* [Task directions]
Since only the words are wanted, reproduce every entry exactly and leave the images behind.

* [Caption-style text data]

--

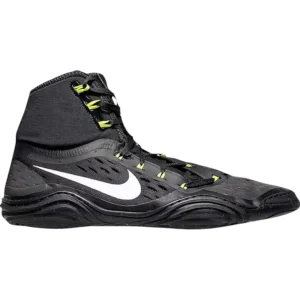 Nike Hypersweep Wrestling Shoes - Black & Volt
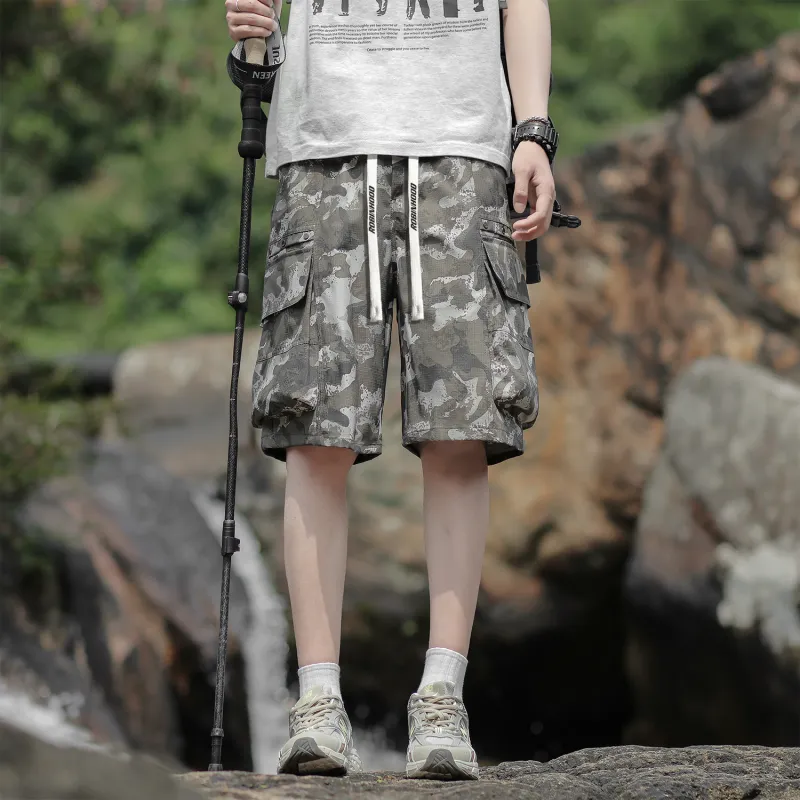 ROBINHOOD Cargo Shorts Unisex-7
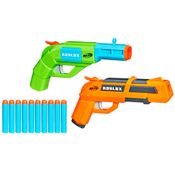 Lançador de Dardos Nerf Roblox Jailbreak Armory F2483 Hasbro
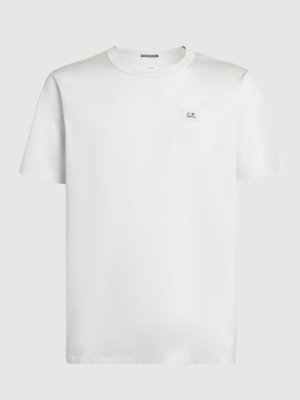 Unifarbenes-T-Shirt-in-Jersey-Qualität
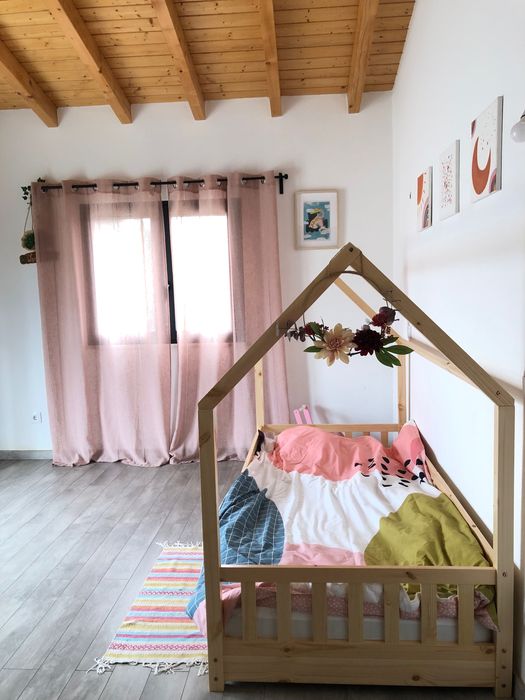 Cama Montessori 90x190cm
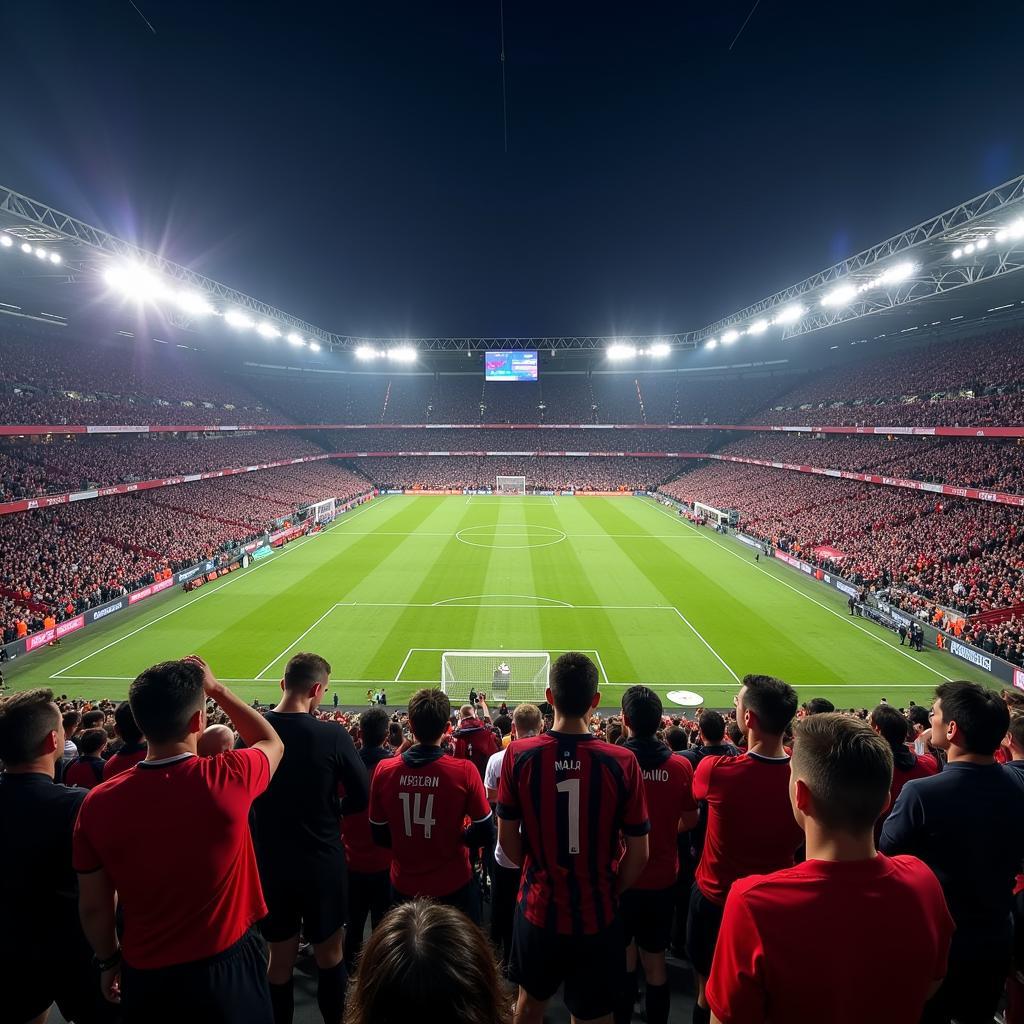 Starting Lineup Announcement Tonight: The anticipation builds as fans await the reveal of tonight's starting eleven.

--

* [Finished exercise]
 Nike Hypersweep Wrestling Shoes - Black & Volt
 ROBINHOOD Cargo Shorts Unisex-7
 Lançador de Dardos Nerf Roblox Jailbreak Armory F2483 Hasbro
 Unifarbenes-T-Shirt-in-Jersey-Qualität
 Cama Montessori 90x190cm
 Starting Lineup Announcement Tonight: The anticipation builds as fans await the reveal of tonight's starting eleven.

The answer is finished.